If X is a random variable uniformly distributed over (0,1), and a, b are constants, what can you say about the random variable aX + b? What about X^2?

Homework Equations



For uniformity of notation, let

f(x) = probability density function of x
F(a) = distribution function of x
g(x) = density function of Y = aX + b
G(a) = distr function of Y
h(x) = density function of Z = X^2
H(a) = distr function of Z

The Attempt at a Solution



I came across this problem as I was studying for finals, and wasn't quite sure about the answer. I've been stumped for the past two days, and created an account here out of hopelessness just so I could ask this question (so please help? it's not even for a grade, I promise!). I think the answer is that aX + b is uniform, and that X^2 is not. Here's my attempt at a derivation:

G(Y) = P{Y < y) = P{aX+b < y) = P{X < (y-b)/a} = F((y-b)/a)
Now I differentiate with respect to y:
g(y) = d/dy (G(y)) = d/dy (F((y-b)/a)) = 1/a * f((y-b)/a) by chain rule

Since the integral of the probability density function of anything is 1, I integrated g(y) from x=0 to x=1, i.e. y = -b/a to (1-b)/a after modifying the original (0,1) bounds. At this point, I got confused because I wasn't entirely sure if the bounds are supposed to be changed that way, and I'm not sure whether I should be integrating over x or y. Heck, I have no idea if I'm overthinking the problem in the first place.

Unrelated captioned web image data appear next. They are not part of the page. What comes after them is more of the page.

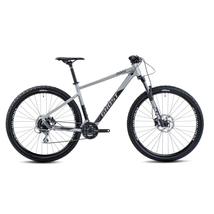 GHOST Kato Essential 27,5 col MTB hardtail kerékpár - Light Grey / Black Matt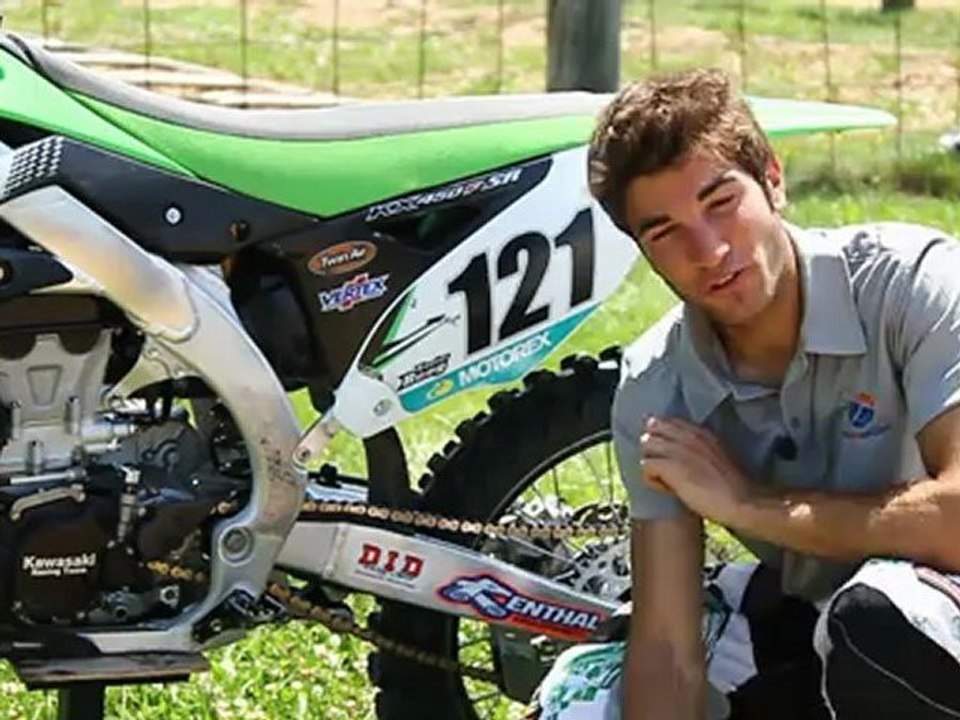 MOTOCROSS - Les astuces des Reglages en motocross par Xavier Boog - TOBESPORT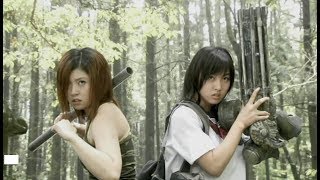 The Machine Girl 2008  Japanese Movie Review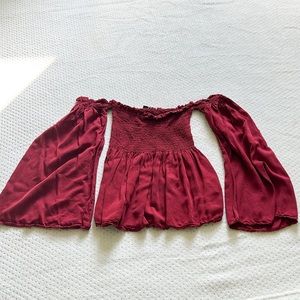Brandy Melville Off the Shoulders Top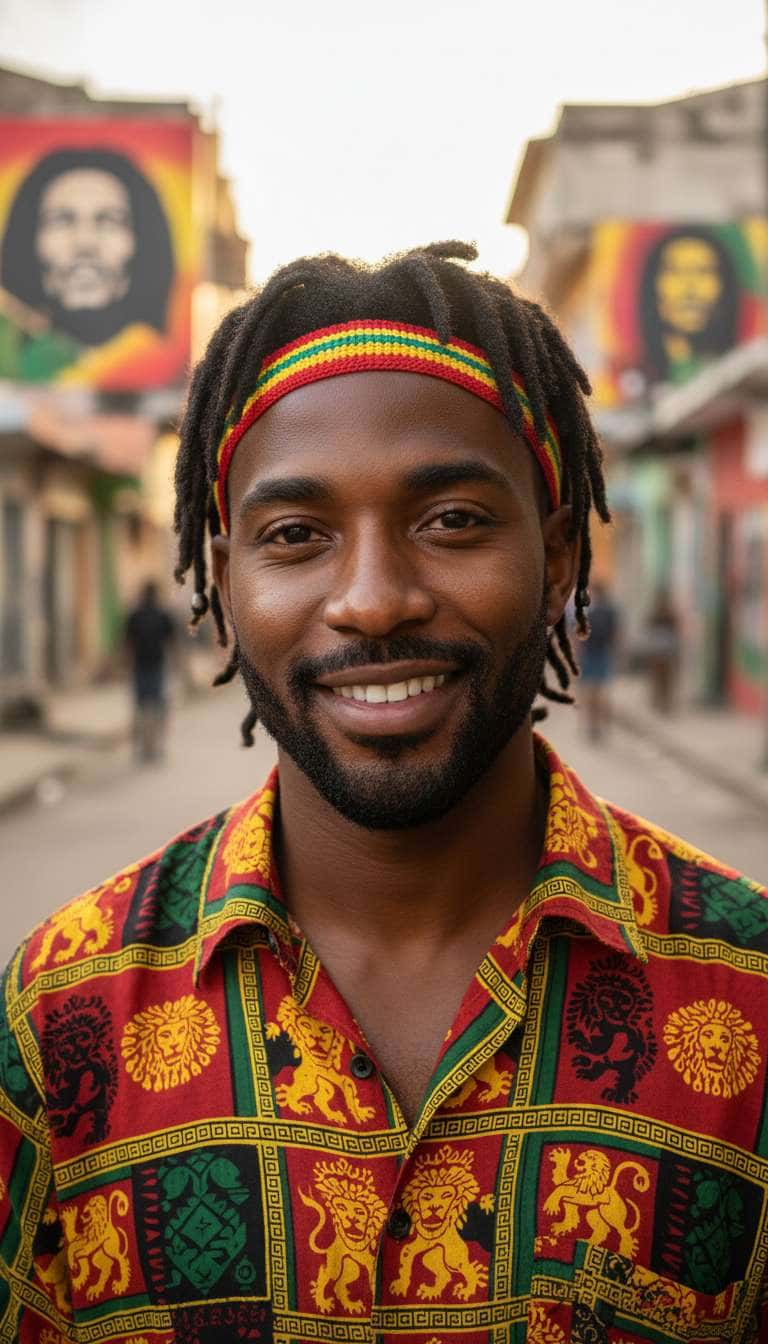 Kingston Sound - Reggae Birthday Card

Next, I attempted the same thing for X^2 by trying to follow a similar thread: https://www.physicsforums.com/showthread.php?t=398718

Putting the result from that thread into my notation, I think that the distribution and density functions of X^2 would be:
H(x) = 1 - F(-sqrt x) + F(sqrt x) = 1 + F(sqrt x)
h(x) = [1/(2 sqrt x)] * (h(sqrt x))I feel like there's something very simple that I don't understand yet. Please enlighten me!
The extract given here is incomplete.